America the Beautiful by Katharine Lee Bates and illustrated by Chris Gall is a stunning book. The text will be familiar to you as it’s the original poem that most of us know as the song America The Beautiful. The illustrator is a descendent of the writer and pays homage to his family legacy with this beautiful book. Each page illustrates the lyrics perfectly while showcasing different parts of the country, it’s history and simple nostalgia. My son liked it, and particularly loved the page with 9-11 firefighters raising the flag , which brought tears to my eyes. At the end of the book there are short blurbs about each illustration for further information as well.

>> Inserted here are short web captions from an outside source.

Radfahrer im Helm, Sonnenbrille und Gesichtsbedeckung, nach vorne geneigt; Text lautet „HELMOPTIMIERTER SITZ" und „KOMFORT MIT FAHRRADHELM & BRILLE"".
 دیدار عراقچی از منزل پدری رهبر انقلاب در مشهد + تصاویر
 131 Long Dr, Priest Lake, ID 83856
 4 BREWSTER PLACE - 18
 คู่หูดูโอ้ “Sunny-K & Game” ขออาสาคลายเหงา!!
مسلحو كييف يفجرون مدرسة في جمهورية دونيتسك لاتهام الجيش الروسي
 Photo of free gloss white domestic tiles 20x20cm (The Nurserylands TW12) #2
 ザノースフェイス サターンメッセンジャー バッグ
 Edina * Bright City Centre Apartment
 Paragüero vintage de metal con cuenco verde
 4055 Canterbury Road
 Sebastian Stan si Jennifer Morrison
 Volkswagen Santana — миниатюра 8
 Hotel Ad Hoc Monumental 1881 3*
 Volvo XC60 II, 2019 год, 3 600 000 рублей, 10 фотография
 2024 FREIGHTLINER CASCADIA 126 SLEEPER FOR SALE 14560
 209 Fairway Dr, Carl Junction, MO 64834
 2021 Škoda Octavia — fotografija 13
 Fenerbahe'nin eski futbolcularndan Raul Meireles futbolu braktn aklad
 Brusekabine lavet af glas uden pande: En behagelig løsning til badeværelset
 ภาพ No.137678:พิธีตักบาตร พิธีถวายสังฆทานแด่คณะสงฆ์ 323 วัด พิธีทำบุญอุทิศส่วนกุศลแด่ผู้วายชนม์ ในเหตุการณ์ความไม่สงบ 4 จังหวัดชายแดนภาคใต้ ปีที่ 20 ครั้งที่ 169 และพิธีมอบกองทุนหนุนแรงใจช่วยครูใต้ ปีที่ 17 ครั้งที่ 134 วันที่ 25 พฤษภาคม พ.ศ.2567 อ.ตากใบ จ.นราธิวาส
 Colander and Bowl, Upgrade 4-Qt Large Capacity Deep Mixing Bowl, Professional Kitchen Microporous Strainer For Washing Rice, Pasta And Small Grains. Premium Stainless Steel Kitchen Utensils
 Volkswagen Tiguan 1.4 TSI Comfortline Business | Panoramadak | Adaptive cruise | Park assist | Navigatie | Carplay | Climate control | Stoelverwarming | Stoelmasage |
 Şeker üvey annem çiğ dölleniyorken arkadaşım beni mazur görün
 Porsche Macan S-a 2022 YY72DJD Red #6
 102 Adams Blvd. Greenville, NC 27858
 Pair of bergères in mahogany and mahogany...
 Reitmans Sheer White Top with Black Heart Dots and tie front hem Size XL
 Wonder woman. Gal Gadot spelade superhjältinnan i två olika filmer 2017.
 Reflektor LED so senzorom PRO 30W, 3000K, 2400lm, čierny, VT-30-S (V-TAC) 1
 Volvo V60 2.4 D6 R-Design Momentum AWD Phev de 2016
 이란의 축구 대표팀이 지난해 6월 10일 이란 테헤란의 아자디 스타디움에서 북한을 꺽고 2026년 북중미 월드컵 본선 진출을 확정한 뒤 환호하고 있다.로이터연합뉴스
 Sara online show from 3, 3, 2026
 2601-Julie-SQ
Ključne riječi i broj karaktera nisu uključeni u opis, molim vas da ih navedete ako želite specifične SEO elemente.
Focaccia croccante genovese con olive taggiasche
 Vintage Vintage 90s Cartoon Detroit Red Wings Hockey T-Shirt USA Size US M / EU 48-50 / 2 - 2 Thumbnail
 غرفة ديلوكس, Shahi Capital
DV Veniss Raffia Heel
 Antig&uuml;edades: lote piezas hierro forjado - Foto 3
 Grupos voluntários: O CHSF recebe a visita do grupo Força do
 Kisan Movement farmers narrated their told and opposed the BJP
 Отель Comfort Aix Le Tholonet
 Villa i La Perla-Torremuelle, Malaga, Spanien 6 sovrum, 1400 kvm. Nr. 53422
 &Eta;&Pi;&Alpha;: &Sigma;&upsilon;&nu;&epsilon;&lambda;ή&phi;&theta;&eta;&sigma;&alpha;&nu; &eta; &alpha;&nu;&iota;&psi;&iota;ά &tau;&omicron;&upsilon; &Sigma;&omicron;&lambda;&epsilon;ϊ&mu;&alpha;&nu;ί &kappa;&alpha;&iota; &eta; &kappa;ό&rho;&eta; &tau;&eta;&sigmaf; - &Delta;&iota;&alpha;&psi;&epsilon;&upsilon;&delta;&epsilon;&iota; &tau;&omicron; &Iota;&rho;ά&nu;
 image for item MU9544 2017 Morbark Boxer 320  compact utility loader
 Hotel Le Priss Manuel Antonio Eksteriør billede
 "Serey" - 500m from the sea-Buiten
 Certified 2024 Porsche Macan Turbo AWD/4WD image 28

George Washington’s Teeth by Deborah Chandra and Madeline Comora is a funny telling of how George Washington got those famous false teeth. What I like so much about this book is that it also tells the story of the Revolutionary War. I think the brilliant thing about this book is it shows that George Washington wasn’t the super hero that he is often portrayed as. This makes him , his story and American history in general way more accessible to young kids. I can’t ignore the really fantastic tertiary lesson about dental hygiene as well.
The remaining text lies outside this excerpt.